The specific activity was generally low but varied for the 2 labeling methods used (Table 1). For the last 3 patients, a new radiolabeling method that allowed a higher specific activity was used, as was believed necessary to deliver eradicative (i.e., >10 Gy) absorbed doses to single cells. However, more recently described (5,15) modeling predicts that a higher specific activity impairs the penetration of ²¹¹At mAbs into microtumors and therefore insufficiently irradiates the inner cells (Table 4). These calculated absorbed doses were estimated for microtumors with diameters of up to approximately 300 μm (Table 4). The microtumors and any radiopharmaceutical uptake on them could not be detected. The absorbed doses are instead based on various assumptions that may not entirely reflect the full biologic reality for each patient. Even if the doses are based on the individual’s activity concentration of the infused solution, the findings from the model results must be used with caution. Any deviation from the model assumptions, for example, in antigen expression, will affect the results. Although recognizing that all assumptions that are included in the models (5,15) may not be fulfilled in the individual patient, some general conclusions can be made. For example, an antibody with lower affinity or a smaller mAb fragment could improve the diffusion into microtumors and also facilitate irradiation of the inner cells of tumor deposits larger than 200 μm in diameter, but in contrast, irradiation of possible single cells might not be sufficient. The dose calculations indicate a need to further enhance the targeting vector, and a specific activity optimized to irradiate both single cells and microtumors should be sought. Alternatively, administration of a compound with high specific activity to eradicate single cells can be followed by a posttherapy cold antibody boost (15) to increase penetration.

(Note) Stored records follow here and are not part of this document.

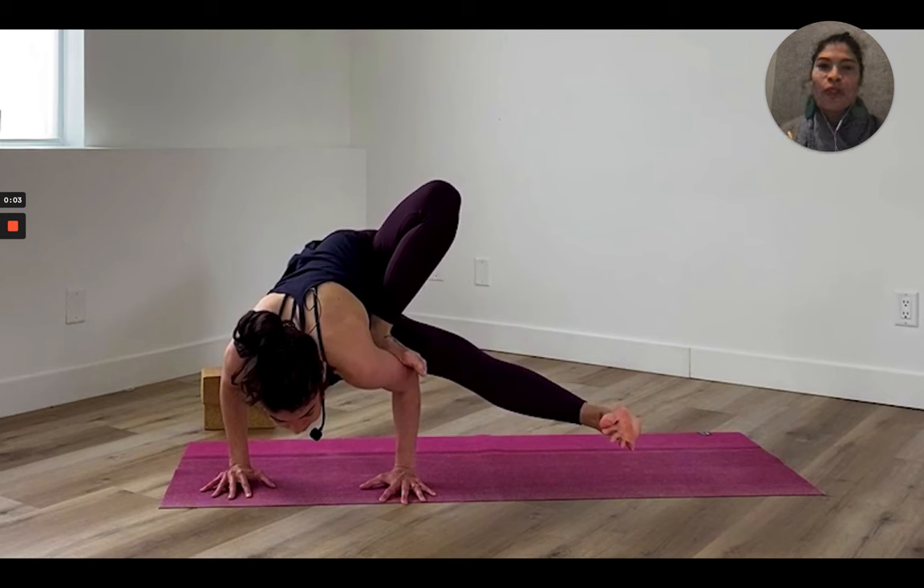Hello beautiful friends, Clara here. Today we're going to break down dragonfly as a peak pose. I'm going to go into how I create the sequence that warms up to the peak pose and then how I cool it down. The first thing I do before I even create a sequence is look at the peak pose to get a sense of what I'm working towards and what family of poses it lives in.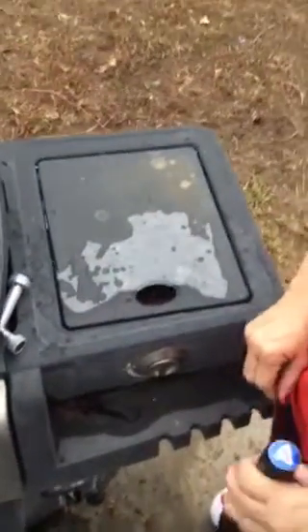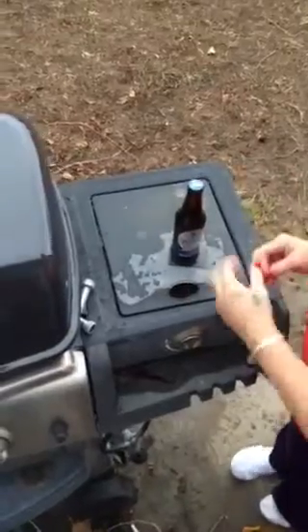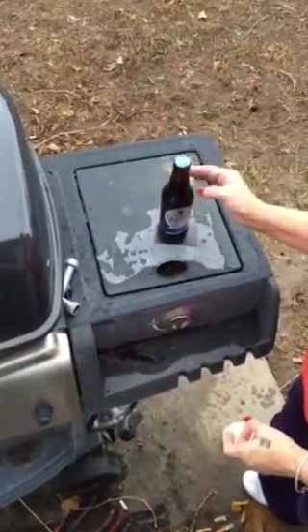On YouTube there's been a video of a guy being able to open a beer with a magnet and a quarter, so we're gonna try it. There's the magnet, there's the beer. You put the beer on it and you're supposed to be able to tap it with a quarter and open the beer.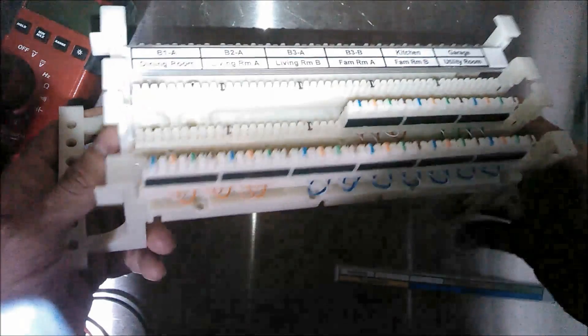Hey, this is Tom. I want to show you the 110 block I'm using for my home phone wiring.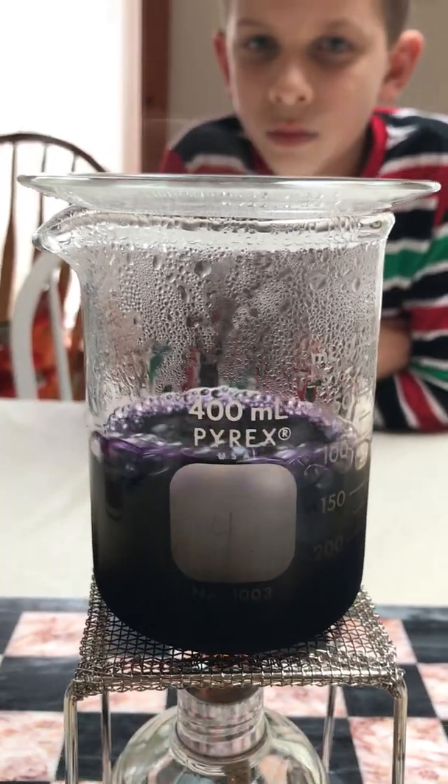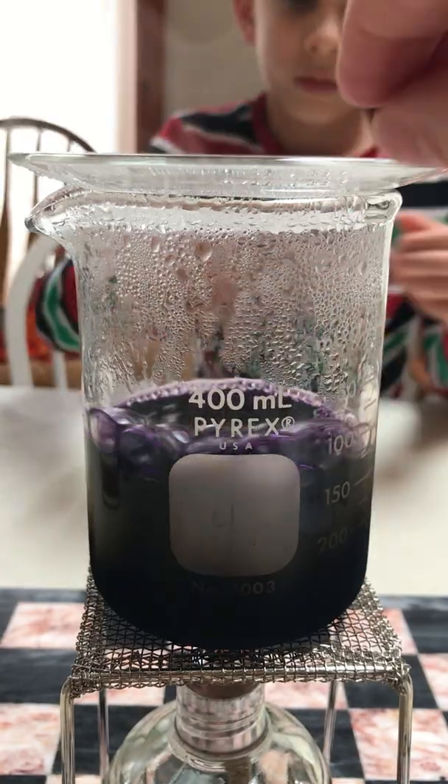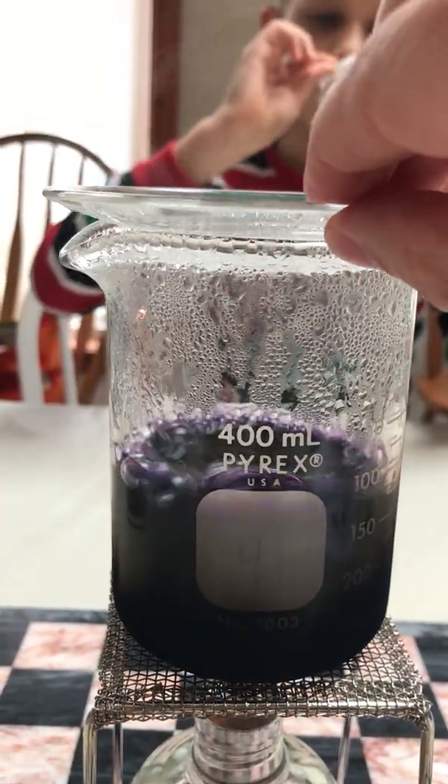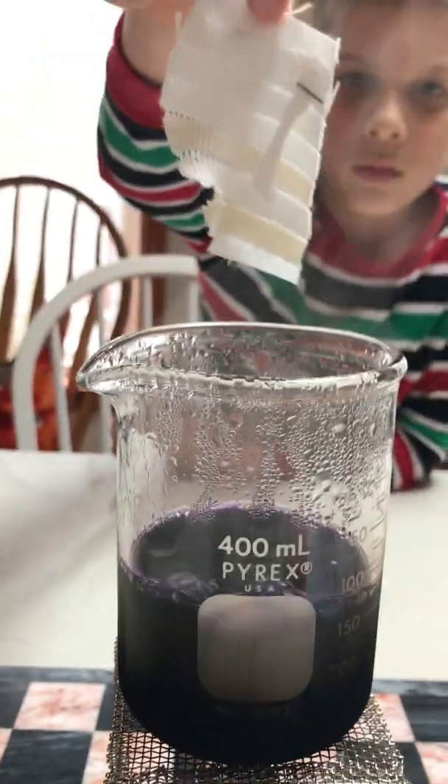What we're going to do is we are going to place — James is actually going to place — our unknown, which is stapled to our multi-fiber fabric, into the dye. So just drop right in there, James.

Formally, there is room for further dose escalation, as the maximal tolerated dose was not reached. We used activity concentrations of up to 215 MBq/L without detecting any dose-limiting toxicities. A concentration of 215 MBq/L has previously been reported to be well tolerated (7,8), and this dose was confirmed in this long-term follow-up study. However, because this treatment strategy, involving radiation with a risk for secondary malignancies, aims toward the adjuvant setting, we do not think it is reasonable to escalate the dose until toxicity as with most other pharmaceuticals. It is prudent to include theoretic modeling of both long-term risks and dose levels that are needed to attain eradicative doses. In light of previous data on the risk of secondary malignancies (10) and theoretically calculated efficacy, we, for the time being, consider 200 MBq/L a reasonable activity concentration to use in further studies. Thus, we argue that the activity concentration should be carefully considered by weighing the effective dose (8) against the specific activity for a single-cell dose (5) and the penetrating ability of the vector to achieve toxic doses to both single cells and aggregates larger than 200 μm in diameter.

CONCLUSION

There were no apparent signs of radiation-induced toxicity in patients who were followed for up to 12 y, and there was no decreased tolerance to relapse therapy. The dosimetric calculations show that further optimization of the targeting vector is advisable with regard to specific activity, because escalation of the total activity and activity concentration seem doubtful, considering the effective dose.

DISCLOSURE

This work was supported by the Swedish Research Council, the Swedish Cancer Society, the King Gustav V Jubilee Clinic Research Foundation, and grants from the Swedish state under the agreement between the Swedish government and the county councils, the ALF agreement ALFGBG-435001. No other potential conflict of interest relevant to this article was reported.